A cache which saves URL metadata and content

This is meant to provide more context to any of my tools which use URLs. If I watched some youtube video and I have a URL, I'd like to have the subtitles for it, so I can do a text-search over all the videos I've watched. If I read an article, I want the article text! This requests, parses and abstracts away that data for me locally, so I can just do:

>>> from url_metadata import metadata
>>> m = metadata("https://pypi.org/project/beautifulsoup4/")
>>> len(m.info["images"])
46
>>> m.info["title"]
'beautifulsoup4'
>>> m.text_summary[:57]
"Beautiful Soup is a library that makes it easy to scrape"

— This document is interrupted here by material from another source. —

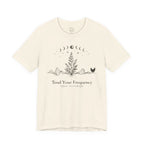 Tend Your Frequency: Adjust Accordingly Moon Phase Botanical Tee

If I ever request the same URL again, that info is grabbed from a local directory cache instead.


Installation

Requires python3.7+

To install with pip, run:

pip install url_metadata

This uses:

  • lassie to get generic metadata; the title, description, opengraph information, links to images/videos on the page
  • readability to convert HTML to a summary of the HTML content.
  • bs4 to convert the parsed HTML to text (to allow for nicer text searching)
  • youtube_subtitles_downloader to get manual/autogenerated captions (converted to a .srt file) from Youtube URLs.

Usage:

In Python, this can be configured by using the url_metadata.URLMetadataCache class:

   URLMetadataCache(loglevel: int = logging.WARNING,
                    subtitle_language: str = 'en',
                    sleep_time: int = 5,
                    cache_dir: Union[str, pathlib.Path, NoneType] = None)
       """
       Main interface to the library

       Supply 'cache_dir' to overwrite the default location.
       """

   get(self, url: str) -> url_metadata.model.Metadata
       """
       Gets metadata/summary for a URL.
       Save the parsed information in a local data directory
       If the URL already has cached data locally, returns that instead.
       """

   in_cache(self, url: str) -> bool
       """
       Returns True if the URL already has cached information
       """

   request_data(self, url: str) -> url_metadata.model.Metadata
       """
       Given a URL:

       If this is a youtube URL, this requests youtube subtitles
       Uses lassie to grab metadata
       Parses the HTML text with readablity
       uses bs4 to parse that text into a plaintext summary
       """

For example:

import logging
from url_metadata import URLMetadataCache

# make requests every 2 seconds
# debug logs
# save to a folder in my home directory
cache = URLMetadataCache(loglevel=logging.DEBUG, sleep_time=2, cache_dir="~/mydata")
c = cache.get("https://github.com/seanbreckenridge/url_metadata")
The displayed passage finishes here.